TASK ITEM:
Without the pictures, repeat all of the data exactly as it appears below.

DATA PROVIDED:

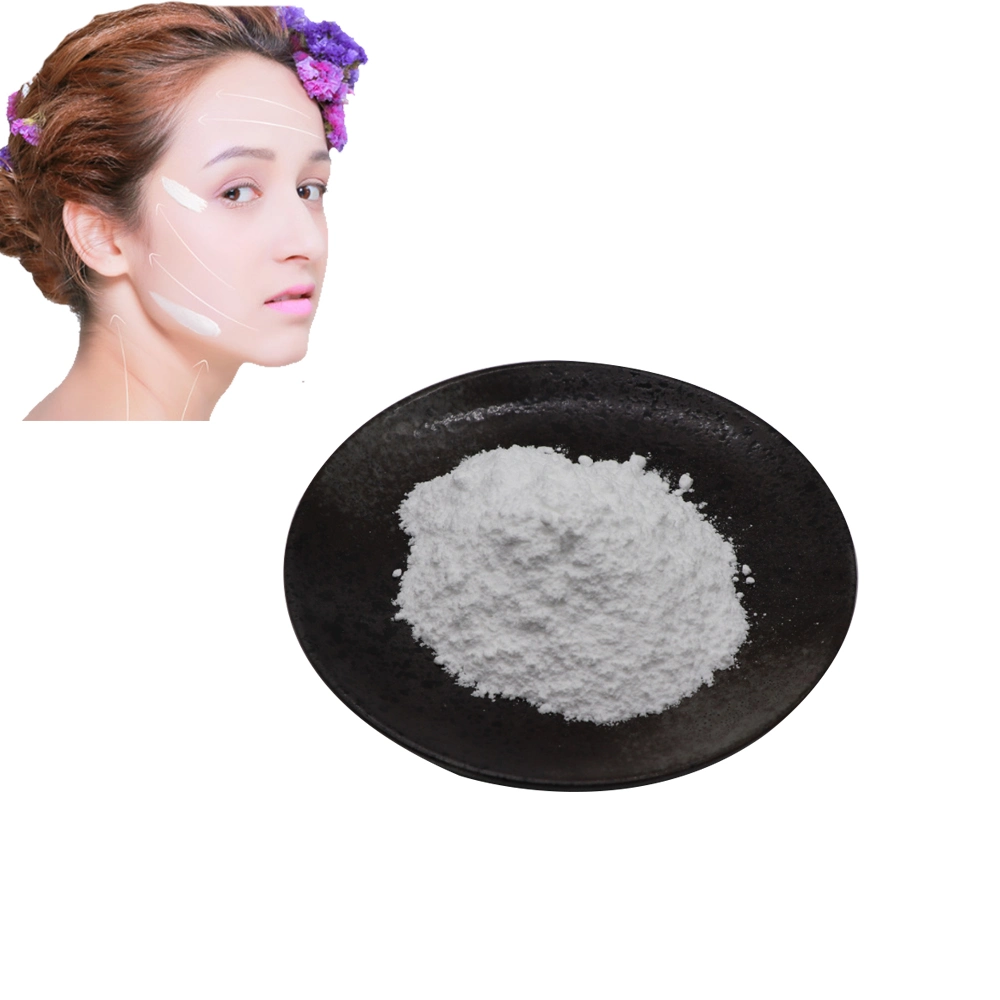 Natural Skin Whitening Rice Bran Extract Konjac Ceramide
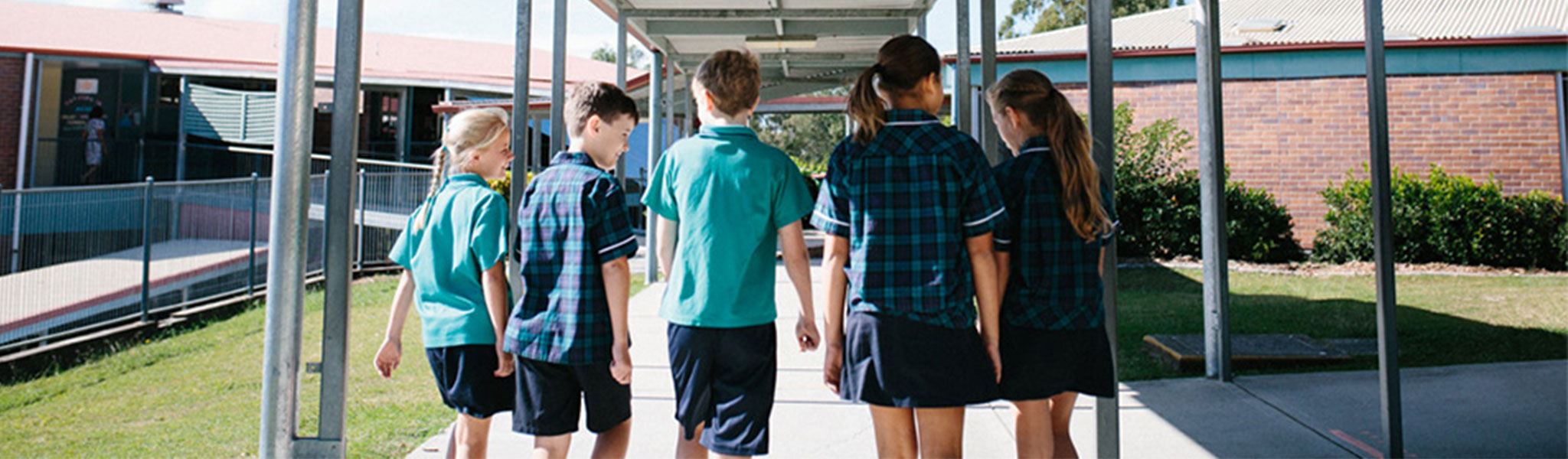 Mudgeeraba Creek State School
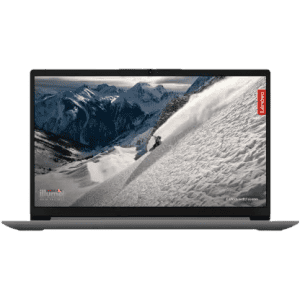 Lenovo R5-7520U | 82VG00ESIN /8GB/512GB SSD / /WIN 11| Thin and Light Laptop  | Cloud Grey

TASK ANSWER:
 Natural Skin Whitening Rice Bran Extract Konjac Ceramide
 Mudgeeraba Creek State School
 Lenovo R5-7520U | 82VG00ESIN /8GB/512GB SSD / /WIN 11| Thin and Light Laptop  | Cloud Grey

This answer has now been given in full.